• [EXERCISE DETAILS] Whenever a line in the records below contains "Their", pick it out.

--*--

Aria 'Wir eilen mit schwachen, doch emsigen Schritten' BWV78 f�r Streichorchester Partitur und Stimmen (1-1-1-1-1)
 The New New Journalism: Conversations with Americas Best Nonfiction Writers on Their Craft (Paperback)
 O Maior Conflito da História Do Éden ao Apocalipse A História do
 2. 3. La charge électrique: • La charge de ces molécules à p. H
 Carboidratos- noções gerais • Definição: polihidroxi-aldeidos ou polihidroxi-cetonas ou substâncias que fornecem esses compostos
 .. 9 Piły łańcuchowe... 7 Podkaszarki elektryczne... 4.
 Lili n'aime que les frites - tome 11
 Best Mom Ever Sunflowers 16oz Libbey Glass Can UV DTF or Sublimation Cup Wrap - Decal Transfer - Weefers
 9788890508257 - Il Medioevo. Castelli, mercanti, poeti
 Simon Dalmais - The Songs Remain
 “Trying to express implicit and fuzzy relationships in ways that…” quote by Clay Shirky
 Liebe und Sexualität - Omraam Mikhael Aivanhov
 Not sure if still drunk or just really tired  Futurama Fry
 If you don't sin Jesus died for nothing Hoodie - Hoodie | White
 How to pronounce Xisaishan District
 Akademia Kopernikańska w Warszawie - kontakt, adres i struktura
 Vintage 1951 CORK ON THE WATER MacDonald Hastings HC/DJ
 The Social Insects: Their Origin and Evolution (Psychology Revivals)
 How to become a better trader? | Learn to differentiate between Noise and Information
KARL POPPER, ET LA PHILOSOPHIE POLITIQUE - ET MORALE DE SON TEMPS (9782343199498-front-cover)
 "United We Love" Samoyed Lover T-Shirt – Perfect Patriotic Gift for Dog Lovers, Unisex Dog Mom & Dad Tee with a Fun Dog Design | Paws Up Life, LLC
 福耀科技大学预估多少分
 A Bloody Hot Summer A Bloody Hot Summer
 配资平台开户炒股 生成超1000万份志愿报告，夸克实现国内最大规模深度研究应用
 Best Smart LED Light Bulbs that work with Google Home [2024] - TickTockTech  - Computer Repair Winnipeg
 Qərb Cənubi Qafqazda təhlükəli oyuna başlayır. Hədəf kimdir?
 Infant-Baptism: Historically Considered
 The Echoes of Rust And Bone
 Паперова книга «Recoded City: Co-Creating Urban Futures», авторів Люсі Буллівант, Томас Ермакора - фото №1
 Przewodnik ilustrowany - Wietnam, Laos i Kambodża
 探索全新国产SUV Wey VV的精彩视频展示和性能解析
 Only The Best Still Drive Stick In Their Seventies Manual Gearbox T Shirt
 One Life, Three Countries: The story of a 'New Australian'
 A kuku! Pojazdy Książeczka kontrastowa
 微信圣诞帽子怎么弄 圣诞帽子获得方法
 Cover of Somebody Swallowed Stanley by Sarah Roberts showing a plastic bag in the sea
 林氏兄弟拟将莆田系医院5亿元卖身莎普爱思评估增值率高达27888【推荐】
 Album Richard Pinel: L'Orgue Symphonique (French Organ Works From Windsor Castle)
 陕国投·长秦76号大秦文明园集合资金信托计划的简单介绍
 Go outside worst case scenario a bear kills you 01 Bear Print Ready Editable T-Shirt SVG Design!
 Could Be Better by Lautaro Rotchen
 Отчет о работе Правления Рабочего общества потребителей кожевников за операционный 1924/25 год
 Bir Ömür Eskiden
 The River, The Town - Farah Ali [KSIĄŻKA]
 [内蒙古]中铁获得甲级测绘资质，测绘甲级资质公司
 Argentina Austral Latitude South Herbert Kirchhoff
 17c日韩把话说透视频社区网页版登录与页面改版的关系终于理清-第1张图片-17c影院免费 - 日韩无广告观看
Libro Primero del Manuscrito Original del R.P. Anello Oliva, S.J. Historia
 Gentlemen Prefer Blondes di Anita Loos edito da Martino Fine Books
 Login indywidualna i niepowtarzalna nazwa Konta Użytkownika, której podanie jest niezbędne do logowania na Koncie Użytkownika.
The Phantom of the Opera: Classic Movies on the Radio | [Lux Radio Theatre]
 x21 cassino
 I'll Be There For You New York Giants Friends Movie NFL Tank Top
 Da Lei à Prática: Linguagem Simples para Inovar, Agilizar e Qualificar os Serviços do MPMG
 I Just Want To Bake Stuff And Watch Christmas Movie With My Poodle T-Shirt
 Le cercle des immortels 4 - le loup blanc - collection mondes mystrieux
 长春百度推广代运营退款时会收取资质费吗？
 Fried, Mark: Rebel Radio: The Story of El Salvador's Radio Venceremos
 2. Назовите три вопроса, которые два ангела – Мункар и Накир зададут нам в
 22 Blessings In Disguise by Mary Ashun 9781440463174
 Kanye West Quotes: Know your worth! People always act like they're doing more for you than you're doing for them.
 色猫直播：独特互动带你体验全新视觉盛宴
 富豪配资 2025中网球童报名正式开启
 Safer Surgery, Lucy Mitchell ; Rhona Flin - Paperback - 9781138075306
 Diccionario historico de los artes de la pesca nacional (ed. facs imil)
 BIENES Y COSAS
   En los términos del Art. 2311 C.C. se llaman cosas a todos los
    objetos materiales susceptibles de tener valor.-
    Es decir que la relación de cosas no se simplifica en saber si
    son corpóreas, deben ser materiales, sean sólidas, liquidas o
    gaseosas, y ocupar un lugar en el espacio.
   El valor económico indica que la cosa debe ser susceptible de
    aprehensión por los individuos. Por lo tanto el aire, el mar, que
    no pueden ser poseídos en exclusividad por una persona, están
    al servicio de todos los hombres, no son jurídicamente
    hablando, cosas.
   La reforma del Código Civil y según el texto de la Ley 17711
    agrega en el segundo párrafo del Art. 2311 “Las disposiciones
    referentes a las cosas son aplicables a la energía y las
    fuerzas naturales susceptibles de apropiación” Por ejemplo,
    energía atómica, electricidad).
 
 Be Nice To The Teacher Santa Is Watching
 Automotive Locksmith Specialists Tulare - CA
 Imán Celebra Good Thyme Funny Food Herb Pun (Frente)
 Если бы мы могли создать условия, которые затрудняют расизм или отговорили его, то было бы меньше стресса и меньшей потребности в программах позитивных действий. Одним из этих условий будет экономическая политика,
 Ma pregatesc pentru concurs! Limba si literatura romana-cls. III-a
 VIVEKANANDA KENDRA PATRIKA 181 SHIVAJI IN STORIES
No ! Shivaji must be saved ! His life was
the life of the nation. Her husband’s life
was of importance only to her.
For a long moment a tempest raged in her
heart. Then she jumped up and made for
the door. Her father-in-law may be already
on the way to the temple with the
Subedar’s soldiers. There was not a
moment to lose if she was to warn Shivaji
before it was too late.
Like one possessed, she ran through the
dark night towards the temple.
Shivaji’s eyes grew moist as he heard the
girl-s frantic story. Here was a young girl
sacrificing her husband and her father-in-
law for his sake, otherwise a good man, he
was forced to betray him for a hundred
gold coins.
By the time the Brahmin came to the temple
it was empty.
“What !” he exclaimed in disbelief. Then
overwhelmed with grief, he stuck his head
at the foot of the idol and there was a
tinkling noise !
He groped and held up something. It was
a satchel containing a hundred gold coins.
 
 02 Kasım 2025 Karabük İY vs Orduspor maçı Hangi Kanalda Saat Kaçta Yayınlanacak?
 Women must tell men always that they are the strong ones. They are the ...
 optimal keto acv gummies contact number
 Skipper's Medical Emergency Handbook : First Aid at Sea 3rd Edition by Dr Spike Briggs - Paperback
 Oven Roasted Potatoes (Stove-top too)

--*--

• [WRITTEN SOLUTION]
 The New New Journalism: Conversations with Americas Best Nonfiction Writers on Their Craft (Paperback)
 The Social Insects: Their Origin and Evolution (Psychology Revivals)
 Only The Best Still Drive Stick In Their Seventies Manual Gearbox T Shirt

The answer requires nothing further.